## DATA FOR THIS EXERCISE

+ + + +

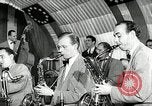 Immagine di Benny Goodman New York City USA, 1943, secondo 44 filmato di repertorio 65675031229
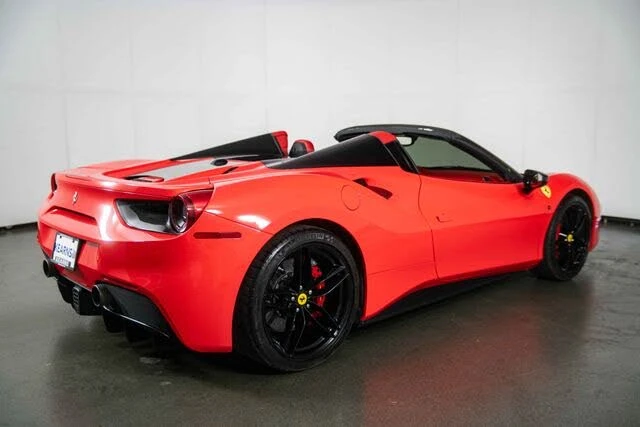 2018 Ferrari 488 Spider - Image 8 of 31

+ + + +

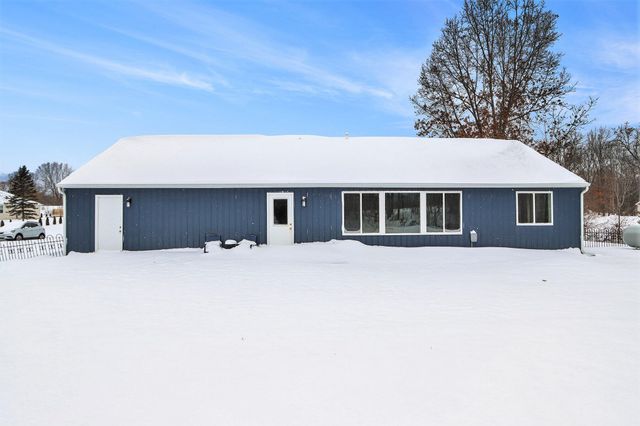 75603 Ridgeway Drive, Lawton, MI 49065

+ + + +

## TASK OBJECTIVE
Transcribe, exactly and without pictures, everything in the data from the line with "Immagine di Benny" down to the line with "2018 Ferrari 488 Spider - Image 8 of 31", both included.

## RESPONSE BOX
 Immagine di Benny Goodman New York City USA, 1943, secondo 44 filmato di repertorio 65675031229
 2018 Ferrari 488 Spider - Image 8 of 31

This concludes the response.